**ABOUT THIS EXERCISE**
There should be no pictures in your answer, only an exact copy of the lines from the one with "Golden Era Basketball" through the end of the material.

**AVAILABLE DATA**
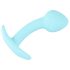 Mini Silikonski Analni Plug - Plavi (2,6 cm)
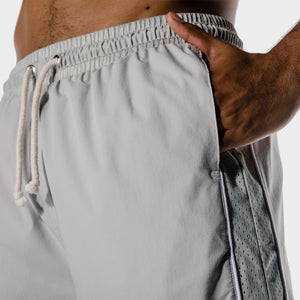 Golden Era Basketball Shorts - Light Grey Marl
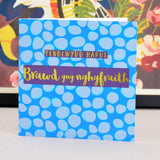 Welsh Birthday Card, Penblwydd Hapus, Brother-in-law, text foiled in shiny gold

**TASK SOLUTION**
 Golden Era Basketball Shorts - Light Grey Marl
 Welsh Birthday Card, Penblwydd Hapus, Brother-in-law, text foiled in shiny gold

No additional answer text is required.